Les mangas nous permettent souvent de nous familiariser avec bonheur avec des sujets typiquement japonais. Si Show-Ha Shoten nous fait découvrir le manzaï depuis quelques mois, dans Natsuko no Sake, nous plongeons profondément dans le monde fascinant de la production du saké. Cours magistral et documenté, nous découvrons à travers l’histoire de la Natsuko du titre et son engagement à cultiver une variété de riz spécifique comment est fabriqué le saké. Cette œuvre offre une exploration riche et détaillée de la tradition séculaire de fabrication du saké au Japon, mêlant habilement intrigue dramatique et leçons culturelles.

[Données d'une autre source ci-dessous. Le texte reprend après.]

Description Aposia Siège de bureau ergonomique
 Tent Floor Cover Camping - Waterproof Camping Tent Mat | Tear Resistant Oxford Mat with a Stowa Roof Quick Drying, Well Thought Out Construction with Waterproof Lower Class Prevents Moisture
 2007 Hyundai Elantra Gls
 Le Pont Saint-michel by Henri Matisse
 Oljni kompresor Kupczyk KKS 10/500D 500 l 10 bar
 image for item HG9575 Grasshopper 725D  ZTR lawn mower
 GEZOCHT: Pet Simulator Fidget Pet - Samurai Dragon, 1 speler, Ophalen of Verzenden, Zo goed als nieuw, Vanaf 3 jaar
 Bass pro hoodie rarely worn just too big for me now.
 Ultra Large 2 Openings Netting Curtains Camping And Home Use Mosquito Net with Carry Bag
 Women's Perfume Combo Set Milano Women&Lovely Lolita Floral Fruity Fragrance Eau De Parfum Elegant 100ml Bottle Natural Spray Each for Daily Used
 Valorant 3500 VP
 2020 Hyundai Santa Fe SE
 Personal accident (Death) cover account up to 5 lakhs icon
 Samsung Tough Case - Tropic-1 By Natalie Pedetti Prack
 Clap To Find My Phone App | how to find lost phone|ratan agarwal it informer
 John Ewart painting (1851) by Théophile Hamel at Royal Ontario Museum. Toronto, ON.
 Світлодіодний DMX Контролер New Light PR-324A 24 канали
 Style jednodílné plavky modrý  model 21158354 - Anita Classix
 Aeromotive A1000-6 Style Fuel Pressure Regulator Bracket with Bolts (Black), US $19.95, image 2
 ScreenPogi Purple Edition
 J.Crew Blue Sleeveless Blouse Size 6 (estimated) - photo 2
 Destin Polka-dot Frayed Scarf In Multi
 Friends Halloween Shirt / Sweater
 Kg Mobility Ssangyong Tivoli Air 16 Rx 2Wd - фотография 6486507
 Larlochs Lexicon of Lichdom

Grâce au manga d’Akira Oze, rien ne vous échappera en effet sur le processus de culture et de sélection du riz, soulignant l’importance du choix de sa variété. Natsuko choisit en effet de cultiver le Tatsunishiki, un type de riz rare et difficile à cultiver, mais qui est censé produire un saké de qualité supérieure. Cette quête reflète la détermination et les défis auxquels les producteurs de saké sont confrontés pour maintenir des normes élevées dans leur artisanat.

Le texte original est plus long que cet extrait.